Small Trial in Older Recipients: Few Issues With Moderna COVID-19 Vaccine

Older Americans make up a substantial percentage of those receiving COVID-19 vaccines in the early stages, and many might have questions about safety and efficacy in their age group. A small trial of the Moderna vaccine, which received emergency use authorization from the FDA, offers some data specific to those 56 and older. Here is more information.

ATLANTA – One of the concerns in developing vaccines for COVID-19 is that the immune response to many other vaccines has been shown to decrease with increasing age.

A study published in the New England Journal of Medicine also points out that “testing of SARS-CoV-2 vaccine candidates in older populations is of paramount importance, since these persons account for the majority of serious Covid-19 cases and associated deaths.”

The information also is of significant concern to pharmacists, who already are playing a key role in vaccine distribution by immunizing long-term care facility residents in most states and the broader population of older people in some states.

Researchers from the Emory University School of Medicine and Children’s Healthcare of Atlanta report preliminary safety and immunogenicity data for the mRNA-1273 vaccine in an expansion of the phase 1 trial among healthy participants who were 56 years of age or older. The vaccine, developed by Moderna in conjunction with federal health authorities, was given emergency use authorization in December by the Food and Drug Administration for use in those 18 and older.

“In our study population of older participants (≥56 years of age), the two-dose vaccine series had an acceptable safety and reactogenicity profile at doses of both 25 μg and 100 μg with mostly mild-to-moderate local and systemic adverse events of short duration, which occurred predominantly after the second dose,” the study team reports, adding, “We did not observe systematic differences in the reactogenicity profile between this older cohort and participants between the ages of 18 and 55 years who had received the mRNA-1273 vaccine.”

The authors add that their findings were similar to the results of other trials of mRNA vaccines involving younger adults.

The phase 1, dose-escalation, open-label trial involved the messenger RNA vaccine, mRNA-1273, which encodes the stabilized prefusion SARS-CoV-2 spike protein (S-2P) in healthy adults. Researchers point out that the trial was expanded to include 40 older adults, who were stratified according to age (56 to 70 years or ≥71 years). All the participants were assigned sequentially to receive two doses of either 25 μg or 100 μg of vaccine administered 28 days apart.

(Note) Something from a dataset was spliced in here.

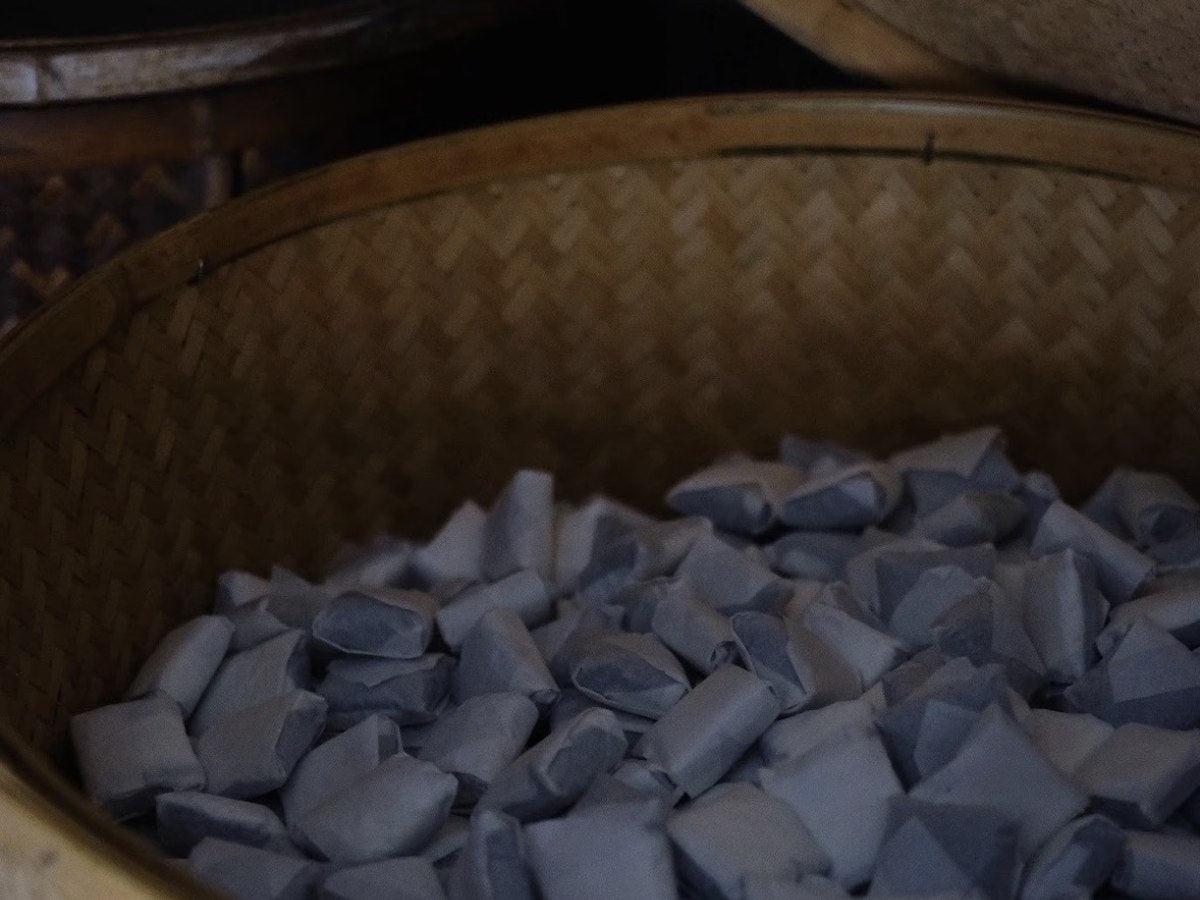 Paper-wrapped tea squares in a bamboo drying basket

They advise that solicited adverse events were predominantly mild or moderate in severity and most frequently included fatigue, chills, headache, myalgia, and pain at the injection site.

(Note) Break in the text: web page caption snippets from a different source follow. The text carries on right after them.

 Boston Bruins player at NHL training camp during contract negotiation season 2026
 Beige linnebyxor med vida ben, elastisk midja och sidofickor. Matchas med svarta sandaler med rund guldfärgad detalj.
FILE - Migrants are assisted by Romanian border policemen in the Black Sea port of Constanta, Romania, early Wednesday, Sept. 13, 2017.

The study found that adverse events were dose-dependent and tended to be more common after the second immunization.

“Binding-antibody responses increased rapidly after the first immunization. By day 57, among the participants who received the 25-μg dose, the anti–S-2P geometric mean titer (GMT) was 323,945 among those between the ages of 56 and 70 years and 1,128,391 among those who were 71 years of age or older; among the participants who received the 100-μg dose, the GMT in the two age subgroups was 1,183,066 and 3,638,522, respectively,” according to the report.

In fact, after the second immunization, serum neutralizing activity was detected in all the participants by multiple methods, according to the study team, which adds that the vaccine elicited a strong CD4 cytokine response involving type 1 helper T cells.

“In this small study involving older adults, adverse events associated with the mRNA-1273 vaccine were mainly mild or moderate,” the authors conclude. “The 100-μg dose induced higher binding- and neutralizing-antibody titers than the 25-μg dose, which supports the use of the 100-μg dose in a phase 3 vaccine trial.”